**Brief:**
Reproduce the material that follows exactly, with no line left out.

--- Entries provided Enclosed Below ---

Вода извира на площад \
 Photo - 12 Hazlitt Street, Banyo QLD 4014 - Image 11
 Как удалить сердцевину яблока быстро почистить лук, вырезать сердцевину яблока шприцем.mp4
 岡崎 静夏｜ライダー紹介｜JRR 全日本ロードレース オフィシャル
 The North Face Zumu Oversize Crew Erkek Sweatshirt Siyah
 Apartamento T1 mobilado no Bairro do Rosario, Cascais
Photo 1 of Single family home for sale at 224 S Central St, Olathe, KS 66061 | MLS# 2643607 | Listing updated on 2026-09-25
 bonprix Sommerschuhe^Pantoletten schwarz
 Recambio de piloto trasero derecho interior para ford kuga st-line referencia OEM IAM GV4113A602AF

--- End of Enclosed Entries provided ---

**Written solution:**
Вода извира на площад \
 Photo - 12 Hazlitt Street, Banyo QLD 4014 - Image 11
 Как удалить сердцевину яблока быстро почистить лук, вырезать сердцевину яблока шприцем.mp4
 岡崎 静夏｜ライダー紹介｜JRR 全日本ロードレース オフィシャル
 The North Face Zumu Oversize Crew Erkek Sweatshirt Siyah
 Apartamento T1 mobilado no Bairro do Rosario, Cascais
Photo 1 of Single family home for sale at 224 S Central St, Olathe, KS 66061 | MLS# 2643607 | Listing updated on 2026-09-25
 bonprix Sommerschuhe^Pantoletten schwarz
 Recambio de piloto trasero derecho interior para ford kuga st-line referencia OEM IAM GV4113A602AF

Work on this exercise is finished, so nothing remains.